W3C home > Mailing lists > Public > public-html-bugzilla@w3.org > January 2011

[Bug 11909] The principles of Polyglot Markup - validity? well-formed? DOM-equality?

From: <bugzilla@jessica.w3.org>
Date: Sun, 30 Jan 2011 20:33:32 +0000
To: public-html-bugzilla@w3.org
Message-Id: <E1Pjdxk-00053C-Pf@jessica.w3.org>
http://www.w3.org/Bugs/Public/show_bug.cgi?id=11909

--- Comment #8 from Leif Halvard Silli <xn--mlform-iua@xn--mlform-iua.no> 2011-01-30 20:33:31 UTC ---
(In reply to comment #7)

> you seem to want to document the set of well formed documents that produce a
> compatible DOM if parsed as XML and that is a vastly more complicated set to
> describe.

This bug is about the principles for polyglotness - and thus the principles for
the polyglot spec. I think the principles should be documented. I have proposed
10 principles in Comment 5 and Comment 6. Some of those principles are clear
that we agree about. Others are new, I think.

Do you agree with the principles? If yes, should we place them in the doc?

Comprehensive principles would be able to cover "the set of well formed
documents that produce a compatible DOM if parsed as XML". So therefore you are
against having/listing principles? 

I think principles can a) make the document clearer {that is: more _writeable_
as opposed to _unwritable_}, b) can help us make som decisions about what the
document should say c) can help authors getting a 'polyglot mindset',

> > Isn't it a good start to just list them?
> 
> No, it would be at best misleading.

There is a tendency in some of the things you have said to simply reject having
any examples at all - for fear that it doesn't become complete. E.g. you have
not filed any bugs against the documentation of the requirement to escape
tabs,linefeeds,carriage returns in attributes. But you immediately thought it
to be a bad idea to put in the document that the & and < needs to be escaped.

I think it is the task fo this document to be much more complete than XHTML 1.0
Appendix C became.

A proven method for discerning between requirements and examples is to use the
phrases "this is normative" and "this is not normative". For example:

This is normative: Polyglots are XML well-formed. 
This is not normative: Thus, for example, & and < must be escaped - except
inside CDATA sections. See XML 1.0 for complete definition of well-formed.

> > Just create a header saying "the
> following features are autogenerated if you don't insert them, and must
> therefore be explicitly added for DOM compatibility". And then list the
> features/elements. 
> 
> That's nowhere near close to a usable specification.

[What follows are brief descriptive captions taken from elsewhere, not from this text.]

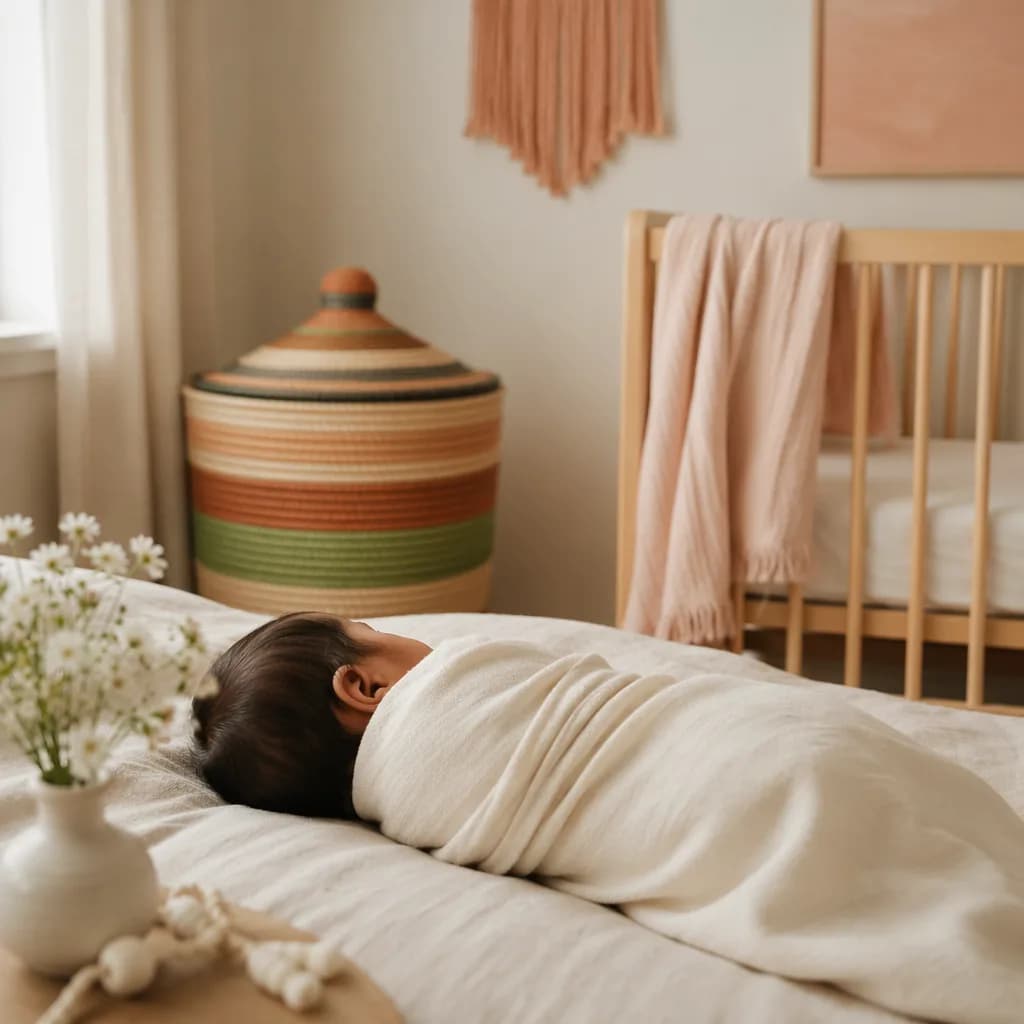 A softly lit nursery scene with a swaddled newborn and delicate flowers in warm pastel tones.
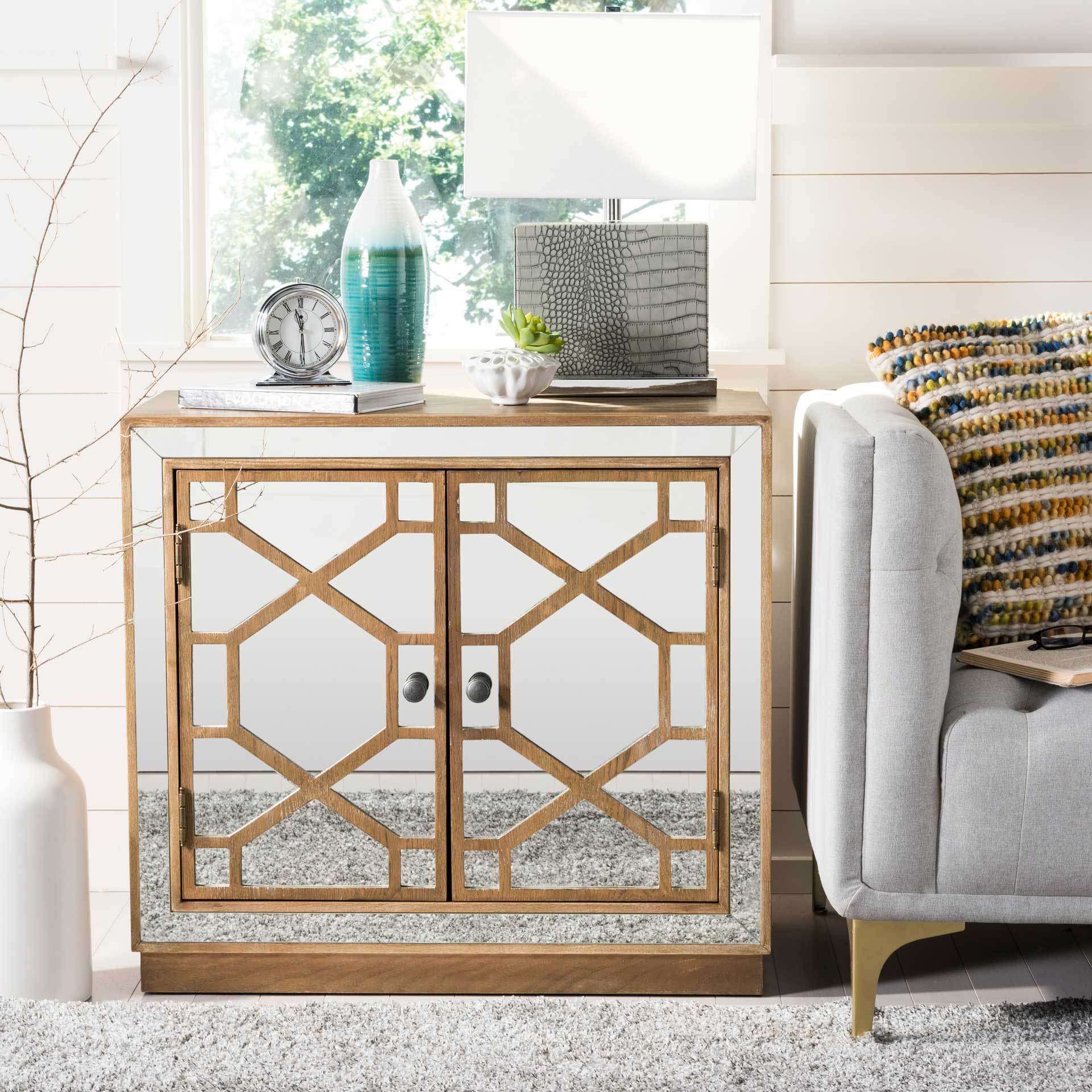 Julio 2 Door Chest Oak/Dark Bronze/Mirror - Image 8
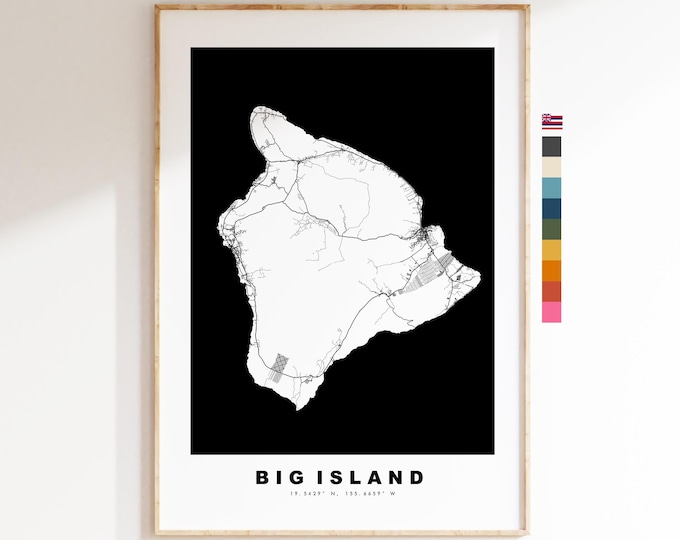 Big Island Island Map Print - Map Poster - Map Art - USA City Maps - Hawaii Island Print - Hawaii Poster - Minimalist Island Map - Hawaii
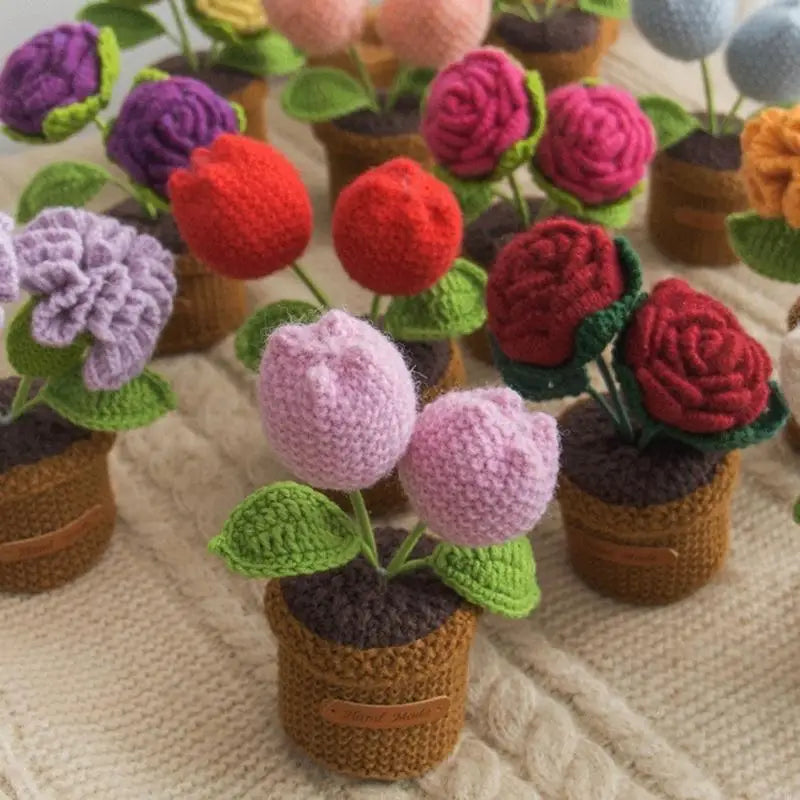 Hand Crocheted Rose Flower Potted Plant Decoration Home Office Desk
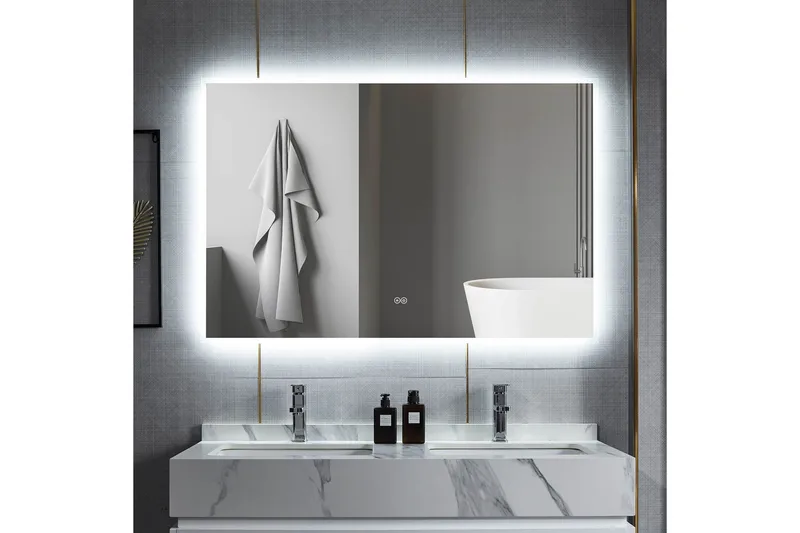 Badrumsspegel 100x80 cm med LED-belysning och anti-fog, undefined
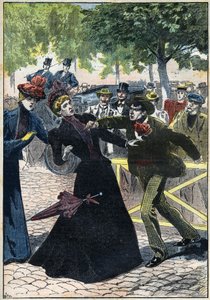 Asesinato de la Emperatriz Isabel de Austria (Sissi) por el anarquista italiano Luccheni en Ginebra en 1898. Ilustración de 1898. Colección privada de Unknown artist
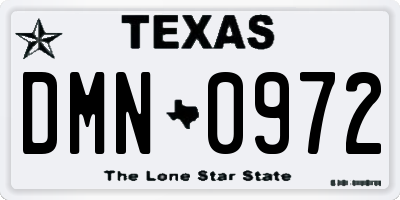 TX license plate DMN0972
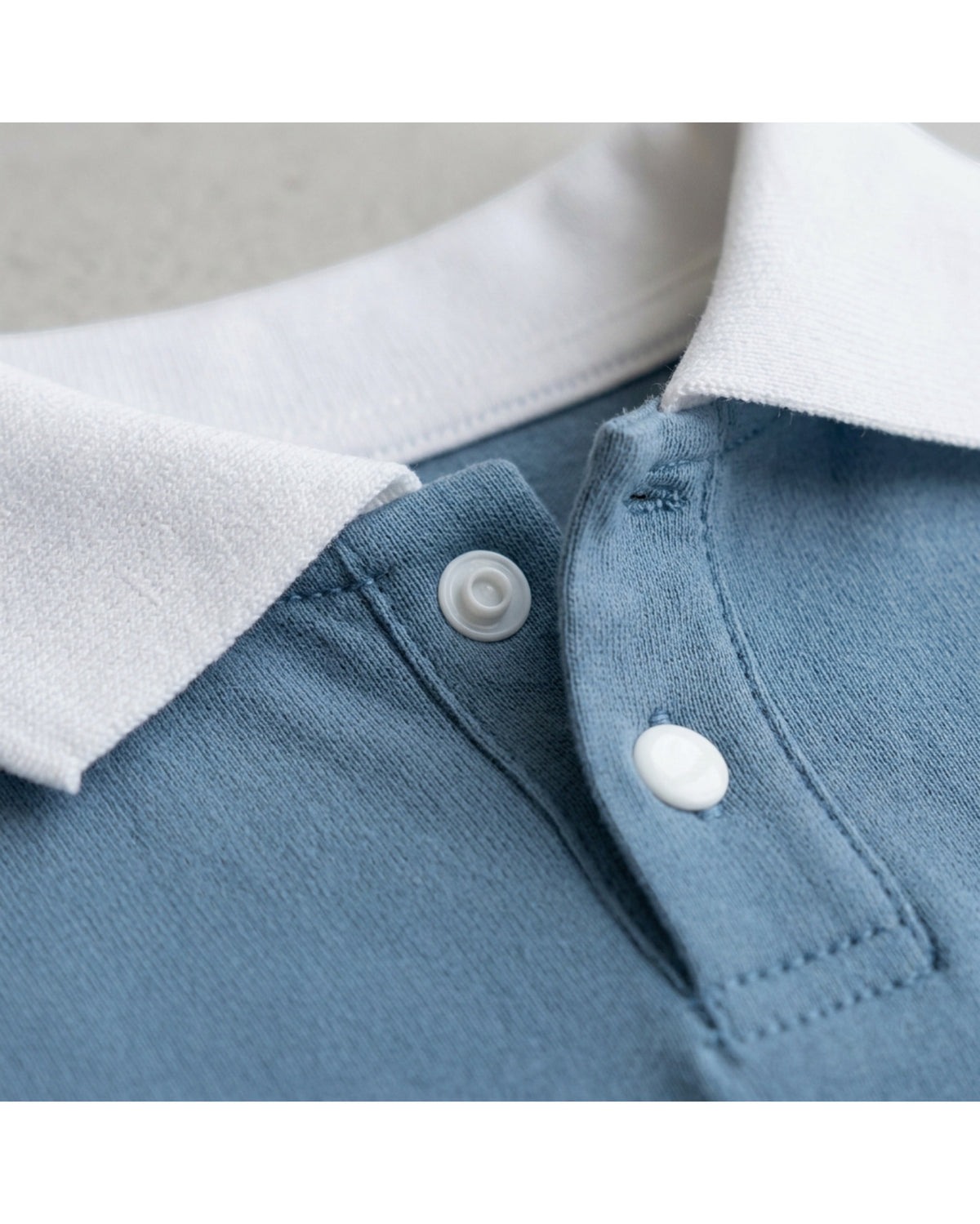 Bekzu Cotton Jersey Pet Polo Small Dusty Blue White - Detail view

I don't understand why it is not a useful list. But anyway, the most important
thing for myself is to document the principles. If a list is too much, then
don't have it. That said, the polyglot spec is currently full of lists.

> The HTML parser doesn't
> just insert elements it moves things around in ways that are fully specified
> but that you can not specify here without duplicating much of the html5 parsing
> spec.

I don't see that giving such a list does mean that you have to specify all
that.  However, the most important thing for me is to list the principles,
rather than particular lists of elements etc.

Of course, HTML5 itself contains many lists and categories. So e.g. if we want
to say something general about block elements, then it is OK for me to point to
HTML5 for a list of them.

> You'd have to specify all the ways in which p (and other) elements are
> auto-closed, all the ways in which form elements get moved around tables, all
> the html elements that force-close math and svg. You'd have to specify not to
> use image. The list is endless, and unless it was complete the end result would
> be that authors would be able to generate documents that complied with all the
> constraints in the polyglot spec, but which were not parsed in compatible ways
> by xml and html parsers.

I understand that your view is that if we say A, the must list the entire
alphabet. It might also be that you are right  - that the task I had in mind,
is too complicated.

Again, the most important thing for myself is to document the principles,
rather than lists.

> If you restrict to conforming documents the complete set of constraints is more
> or less listed in the current document (there may be some bugs here and there
> but nothing that would make the document ten times bigger). If you do not
> restrict to conforming documents the downside is that the spec becomes
> unwritable and the only possible upside is that people are informed how to make
> non conforming documents using xml tools, but I don't see that making non
> conforming documents should be a valid use case.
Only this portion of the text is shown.